You can sort the transport items into air, land, and sea using printables from the transportation unit in the Themed Therapy SLP membership. Transportation is the themed unit for May when you are a monthly subscriber. Upgrading to the annual subscription, you can access this theme anytime during the school year. 

Another fun way to incorporate spatial concepts while working on vocabulary and categories is to make a hands-on activity from the transportation push-in language lesson plan guide like this one

 

While you are playing, you can add sound effects that match the definition of the words. For example, for the word fly or air, you can make a humming noise; for the word car or jeep, make a honking noise; for the word train, you can say choo-choo. This research article found that kids improved receptive and expressive language when the target words were paired with sound effects. 

Tips for Using Transportation Sorting Activities in Mixed Groups

When planning for mixed groups, we must find ways to hit LOTS of goals with one activity.
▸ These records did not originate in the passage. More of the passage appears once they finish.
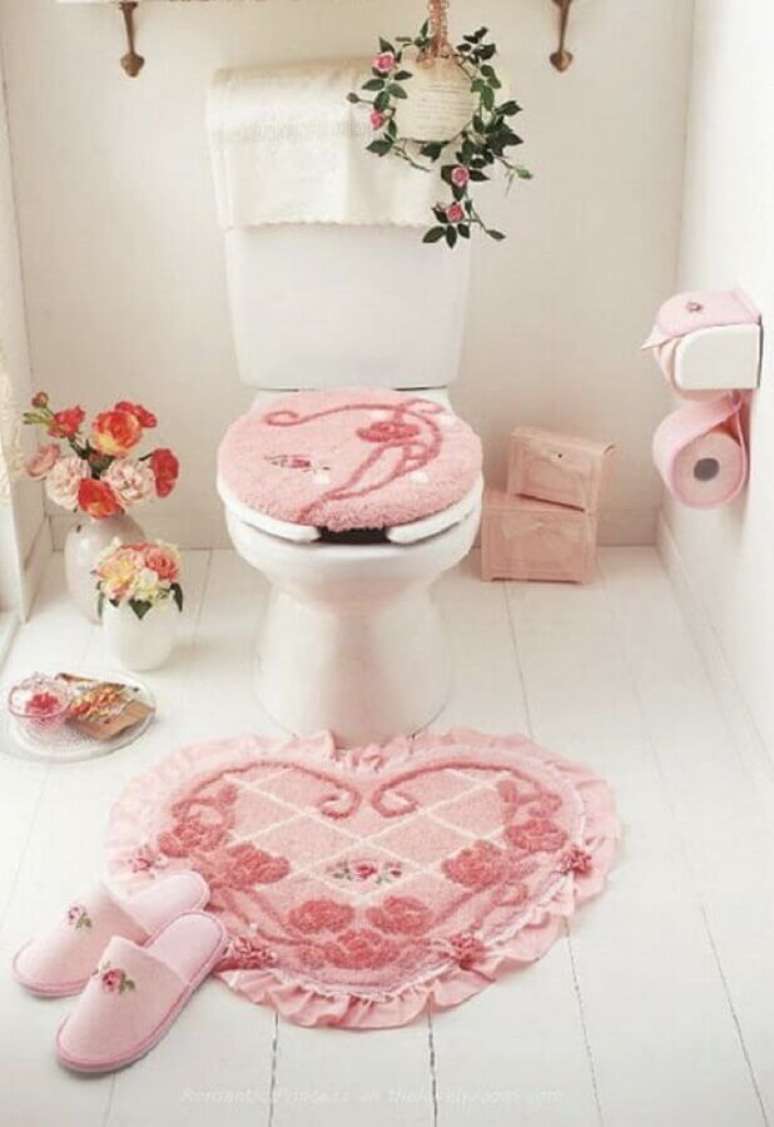 17. Decora&ccedil;&atilde;o rom&acirc;ntica com jogo de banheiro rosa em formato de cora&ccedil;&atilde;o &ndash; Foto: Home Fashion Trend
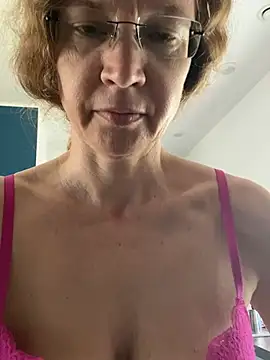 AnnikaRose Adlı Modelin Canlı XXX Sohbeti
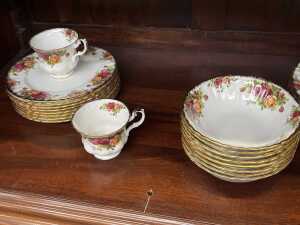 Royal Albert 'Old Country Roses' porcelain dinner setting for eight - 5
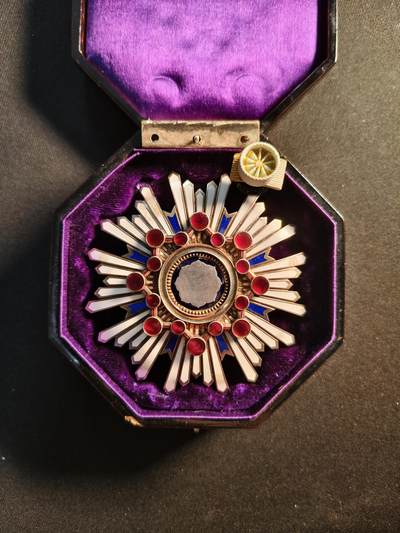 东亚欧洲主题杂货徽章勋章拍卖⑩ （五一大拍350+） 勋二等瑞宝章（八角盒）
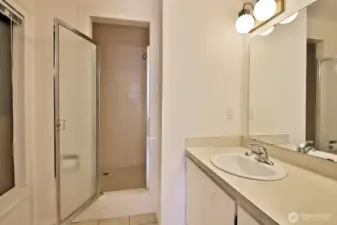 3/4 primary bathroom with ceramic tile.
The beauty of these air, land, and sea sorting activities is easy to adapt. First off, you can target categories and sub-categories for transportation.

When considering different language goals, here are some skills you can target:

  • Describing the transportation items by attributes
  • Have more than one item to work on singular and plural noun markers
  • Build sentences with verb tense to explain by type of transportation item it is, such as “The car is driven on land.” or “The ship is an air transportation.”
  • Teach pronouns by having pictures or figurines and sharing “who” is driving or using the transportation item.
  • Target wh-questions
  • Give problems for using the vehicles and discuss solutions.

When you have articulation and phonology goals in a mixed group, think of sound-loaded words that would fit your student’s speech goals. For example, if you are working on /g/, have the student say “go” every time they sort a transportation item. Or, if working on s-blends, you can have students say, “It goes in the sky. Or it doesn’t go in the sky.” Consider vehicles that have your students sound to use while sorting transportation items.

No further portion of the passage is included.